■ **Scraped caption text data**
==================================================
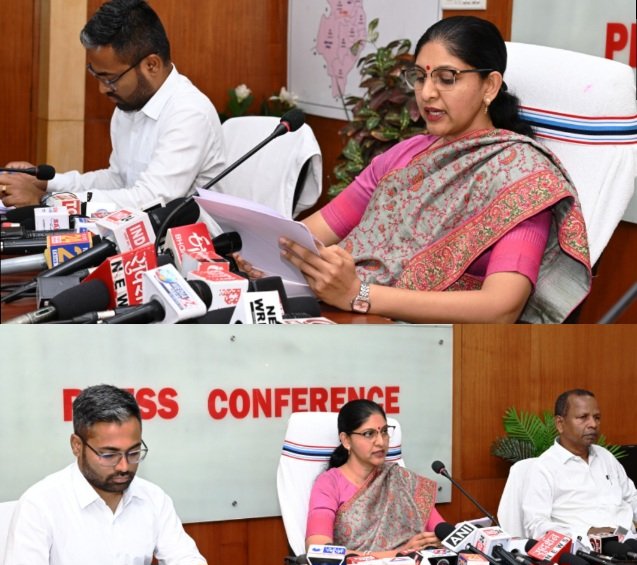 मुख्य निर्वाचन पदाधिकारी श्रीमती रीना बाबासाहेब कंगाले ने मतदाता सूची के विशेष संक्षिप्त पुनरीक्षण कार्यक्रम की दी जानकारी .. Kshiti Technologies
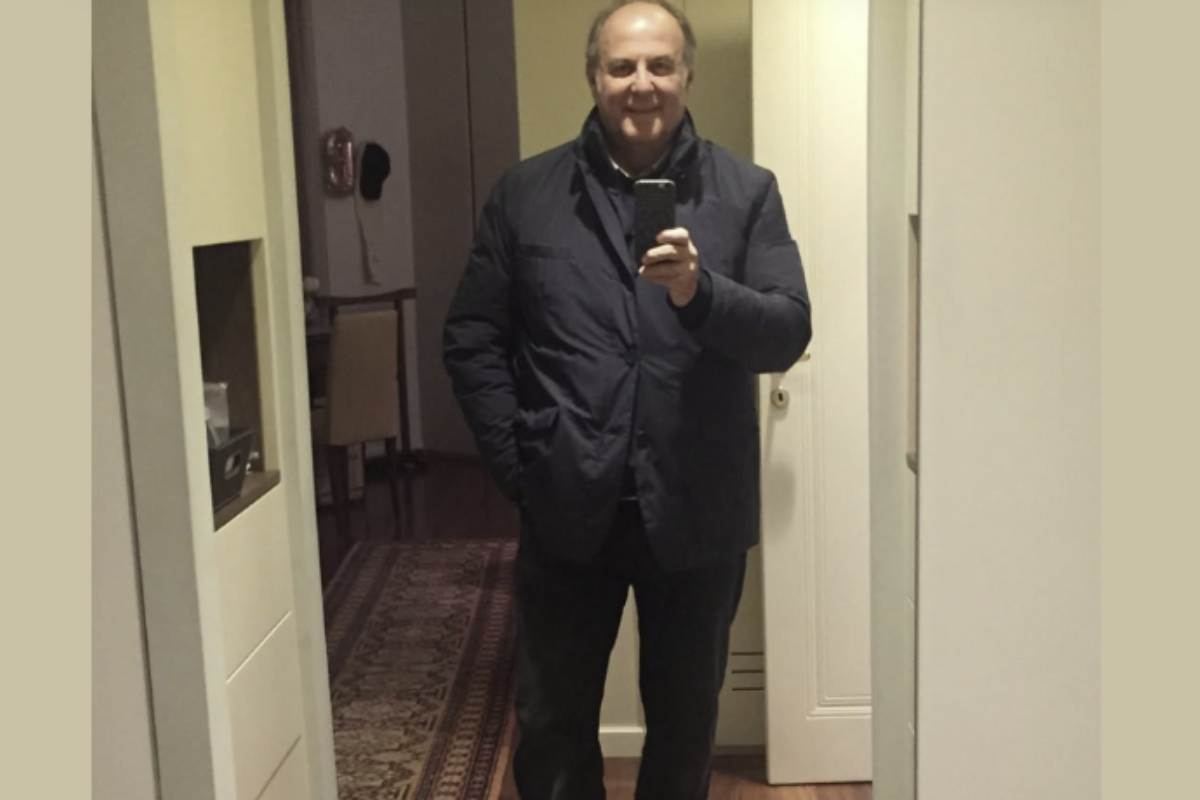 Dal punto di vista economico, Gerry Scotti ha costruito un impero che va ben oltre il piccolo schermo. Secondo analisi recenti,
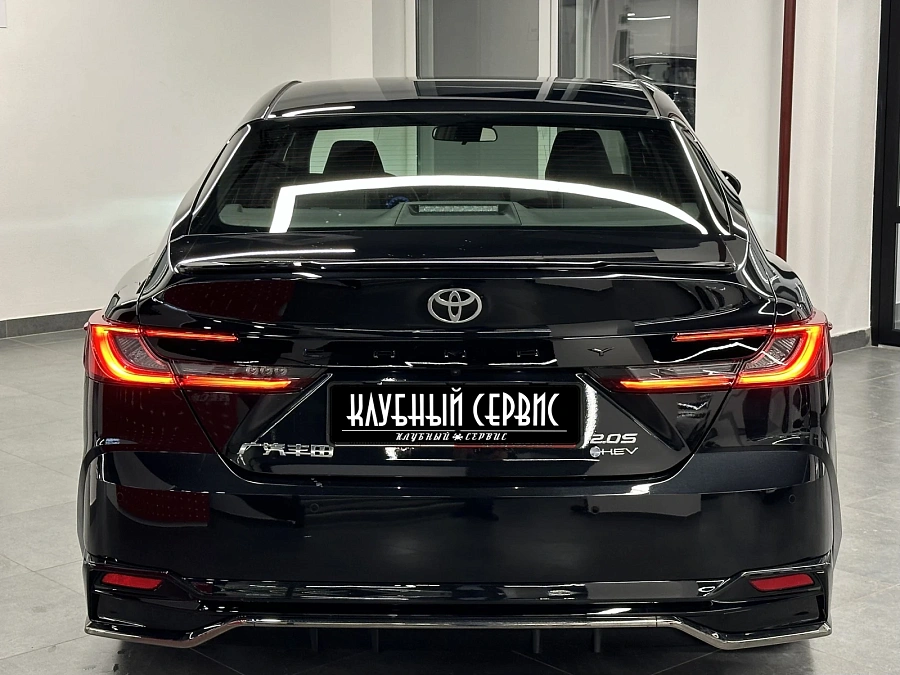 Toyota Camry, 2025г., передний привод, вариатор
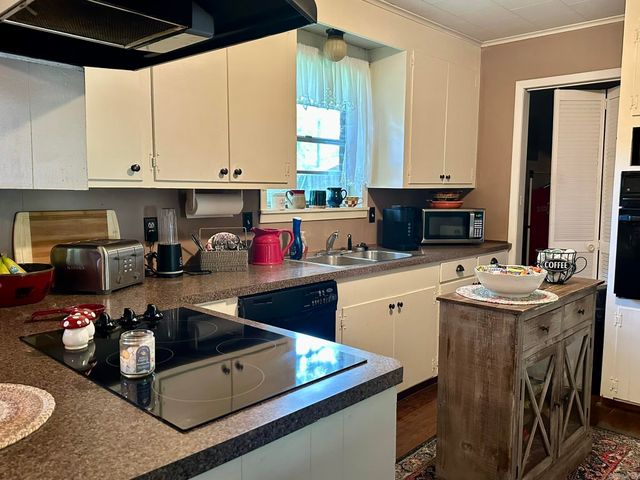 1303 Cypress St, Crossett, AR 71635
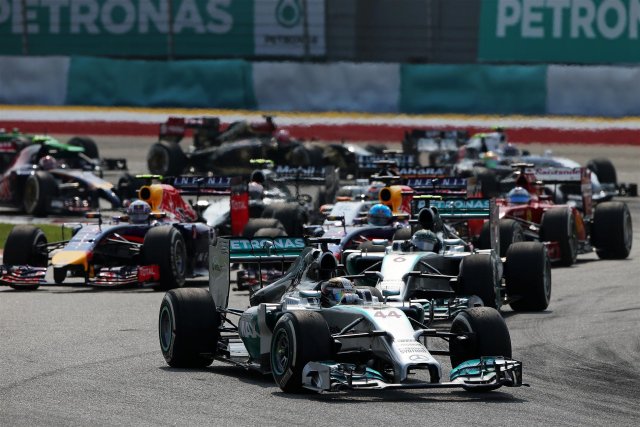 Mercedes с първа двойна победа във Формула 1 от 59 години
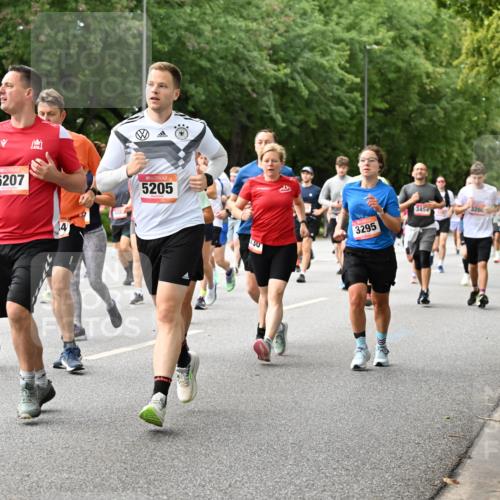 06.09.2026 - CURREX Alsterlauf Dr. Thomas Lammeyer http://msf.ph/oto/10116411 06.09.2026 09:12:58 Laufen 337, 5207, 4, 5205, 130, 3295, 3454, 326, 5005 meine-sportfotos.de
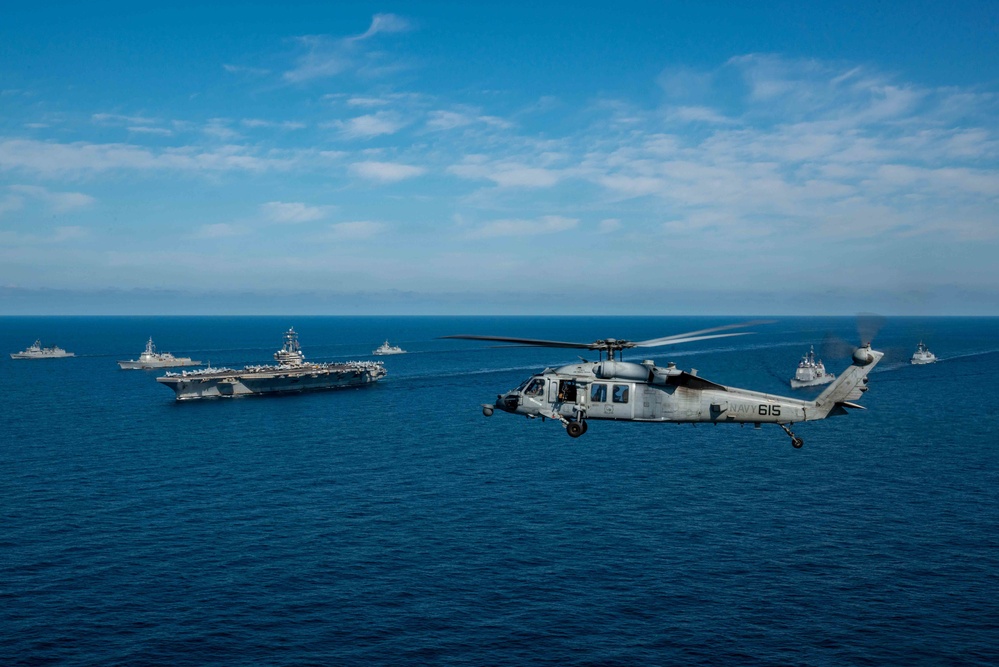 US Navy and Republic of Korea Navy ships steam in formation during Maritime Counter Special Operations Exercise (MCSOFEX)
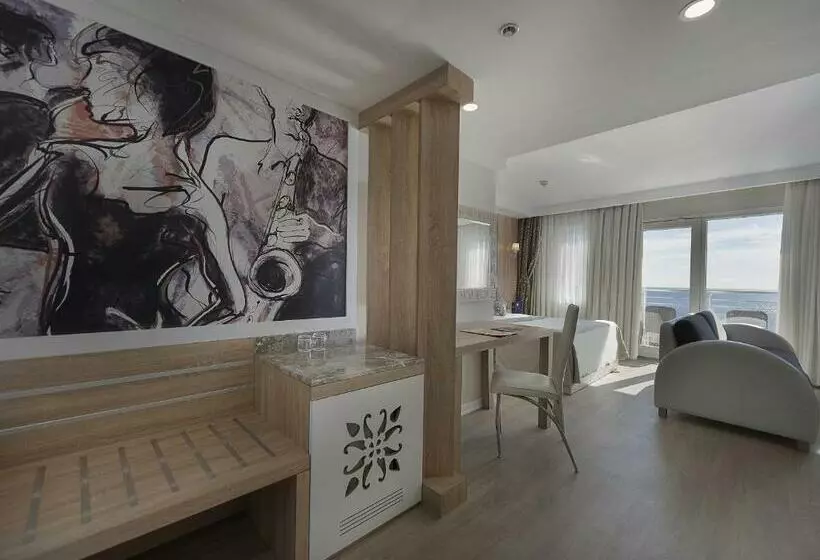 سوییت جونیور با چشمانداز دریا, Sealife Family Resort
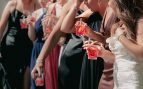 Elegante, ligero y con destellos sutiles: así es el vestido lúrex calado de Mango que está triunfando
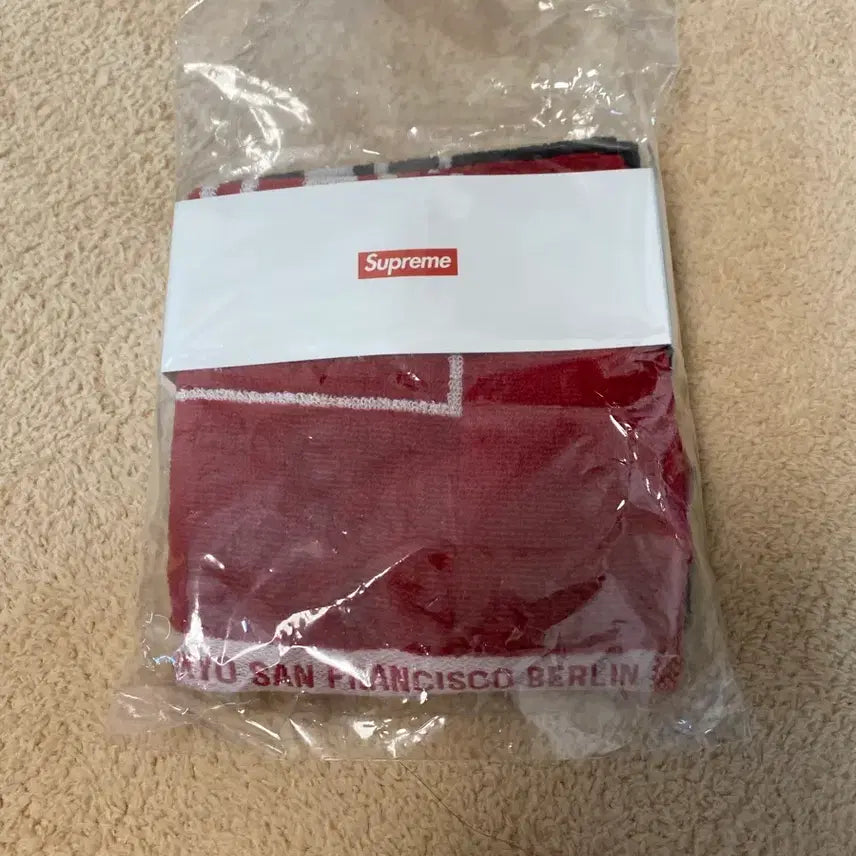 [BUNJANG] Supreme 2023 Square Mini Towel Set / [새상품] 2023 슈프림 스퀘어 미니 타올 세트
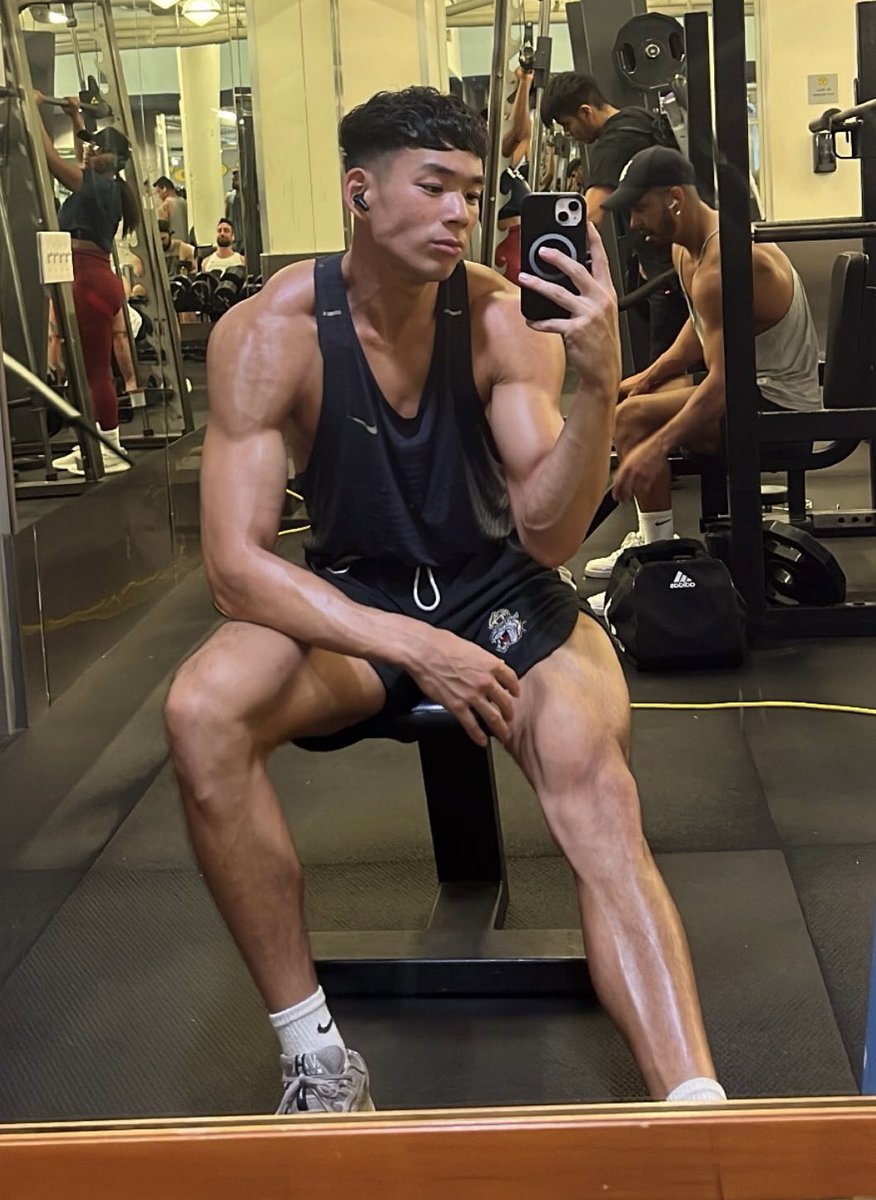 landyn_lu's tweet photo. Get it in today 💪 https://t.co/VuLPkFBw1J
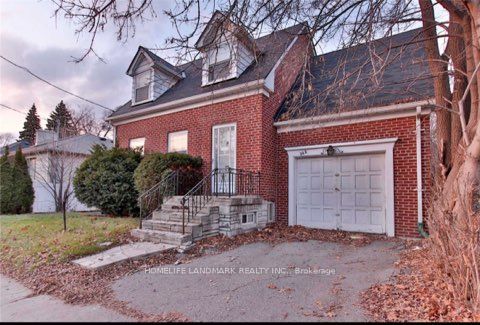 Main Photo: 362 Lawrence Avenue W in Toronto: Bedford Park-Nortown House (2-Storey) for sale (Toronto C04)  : MLS®# C6816074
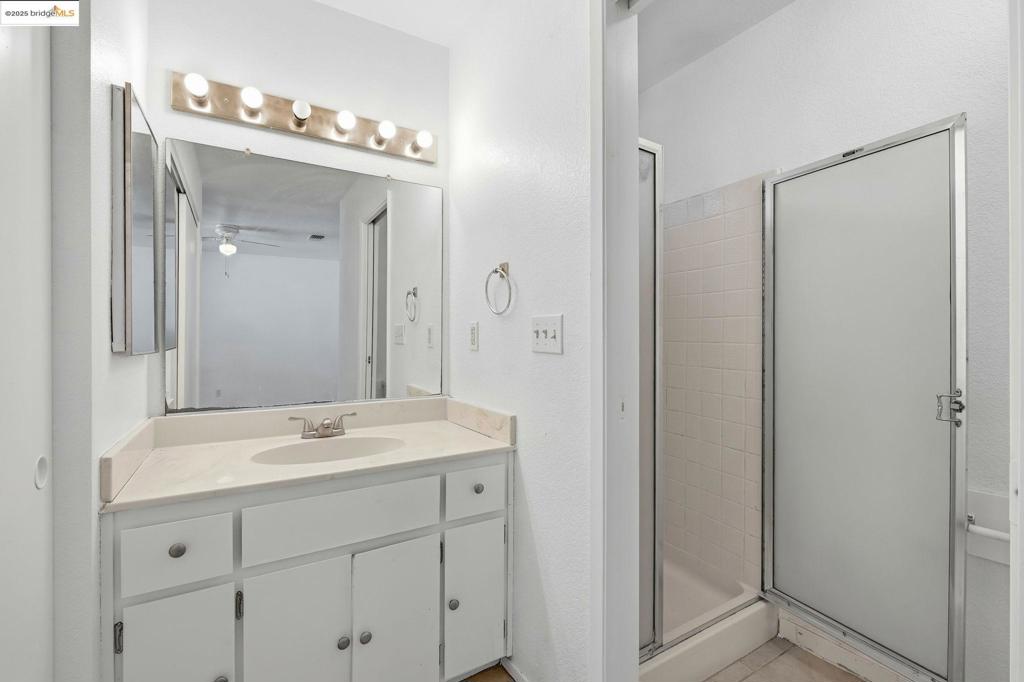 OAKLEY - Residential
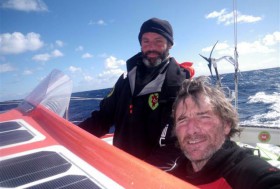 Kito de Pavant (r.) und Sébastien Audigane habensehr stark gesegelt, aber nun hat ihr Boot nicht mehr gehalten. © FNOB
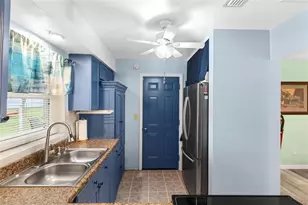 1566 Providence Blvd, Deltona, FL 32725 - Photo 8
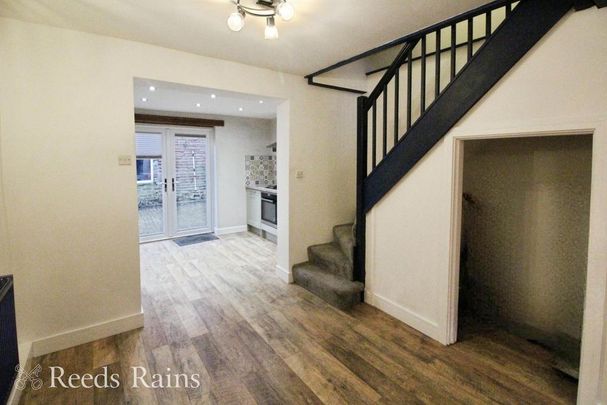 3 bedroom terraced house to rent - Photo 1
==================================================
Exactly the lines from the one that contains "Main Photo: 362" through the final line of the records above are needed, given again word for word, with every picture left out.

■ **EXERCISE SOLUTION**
 Main Photo: 362 Lawrence Avenue W in Toronto: Bedford Park-Nortown House (2-Storey) for sale (Toronto C04)  : MLS®# C6816074
 OAKLEY - Residential
 Kito de Pavant (r.) und Sébastien Audigane habensehr stark gesegelt, aber nun hat ihr Boot nicht mehr gehalten. © FNOB
 1566 Providence Blvd, Deltona, FL 32725 - Photo 8
 3 bedroom terraced house to rent - Photo 1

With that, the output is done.